From: Noah Misch <noah(at)leadboat(dot)com>
To: Heikki Linnakangas <hlinnaka(at)iki(dot)fi>
Cc: Robert Haas <robertmhaas(at)gmail(dot)com>, pgsql-hackers(at)postgresql(dot)org, Tom Lane <tgl(at)sss(dot)pgh(dot)pa(dot)us>, Smolkin Grigory <smallkeen(at)gmail(dot)com>, Michael Paquier <michael(at)paquier(dot)xyz>, Alexander Lakhin <exclusion(at)gmail(dot)com>
Subject: Re: race condition in pg_class
Date: 2024-08-22 07:32:00
Message-ID: 20240822073200.4f.nmisch@google.com
Views: Raw Message | Whole Thread | Download mbox | Resend email
Thread:
Lists: pgsql-hackers

On Tue, Aug 20, 2024 at 11:59:45AM +0300, Heikki Linnakangas wrote:
> On 17/08/2024 07:07, Noah Misch wrote:
> > On Fri, Aug 16, 2024 at 12:26:28PM +0300, Heikki Linnakangas wrote:
> > > I wonder if the functions should be called "systable_*" and placed in
> > > genam.c rather than in heapam.c. The interface looks more like the existing
> > > systable functions. It feels like a modularity violation for a function in
> > > heapam.c to take an argument like "indexId", and call back into systable_*
> > > functions.
> >
> > Yes, _scan() and _cancel() especially are wrappers around systable. Some API
> > options follow. Any preference or other ideas?
> >
> > ==== direct s/heap_/systable_/ rename [option 1]
> >
> > systable_inplace_update_scan([...], &tup, &inplace_state);
> > if (!HeapTupleIsValid(tup))
> > elog(ERROR, [...]);
> > ... [buffer is exclusive-locked; mutate "tup"] ...
> > if (dirty)
> > systable_inplace_update_finish(inplace_state, tup);
> > else
> > systable_inplace_update_cancel(inplace_state);
> >
> > ==== make the first and last steps more systable-like [option 2]
> >
> > systable_inplace_update_begin([...], &tup, &inplace_state);
> > if (!HeapTupleIsValid(tup))
> > elog(ERROR, [...]);
> > ... [buffer is exclusive-locked; mutate "tup"] ...
> > if (dirty)
> > systable_inplace_update(inplace_state, tup);
> > systable_inplace_update_end(inplace_state);

> My order of preference is: 2, 1, 3.

I kept tuple locking responsibility in heapam.c. That's simpler and better
for modularity, but it does mean we release+acquire after any xmax wait.
Before, we avoided that if the next genam.c scan found the same TID. (If the
next scan finds the same TID, the xmax probably aborted.) I think DDL aborts
are rare enough to justify simplifying as this version does. I don't expect
anyone to notice the starvation outside of tests built to show it. (With
previous versions, one can show it with a purpose-built test that commits
instead of aborting, like the "001_pgbench_grant(at)9" test.)

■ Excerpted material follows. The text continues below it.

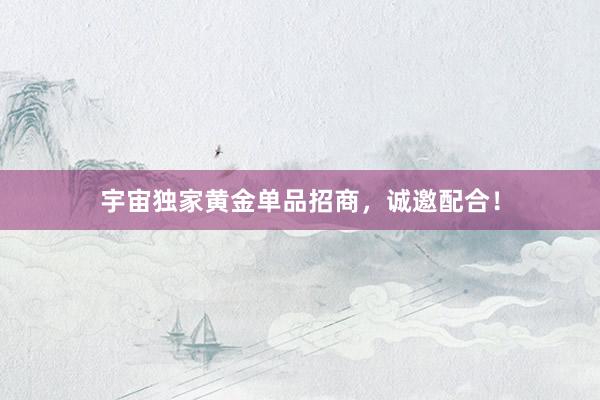 宇宙独家黄金单品招商，诚邀配合！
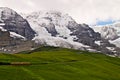 Swiss train climbing up Alps Royalty Free Stock Photo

This move also loses the optimization of unpinning before XactLockTableWait().
heap_update() doesn't optimize that way, so that's fine.

The move ended up more like (1), though I did do
s/systable_inplace_update_scan/systable_inplace_update_begin/ like in (2). I
felt that worked better than (2) to achieve lock release before
CacheInvalidateHeapTuple(). Alternatives that could be fine:

- In the cancel case, call both systable_inplace_update_cancel and
systable_inplace_update_end. _finish or _cancel would own unlock, while
_end would own systable_endscan().

- Hoist the CacheInvalidateHeapTuple() up to the genam.c layer. While
tolerable now, this gets less attractive after the inplace160 patch from
https://postgr.es/m/flat/20240523000548(dot)58(dot)nmisch(at)google(dot)com

I made the other changes we discussed, also.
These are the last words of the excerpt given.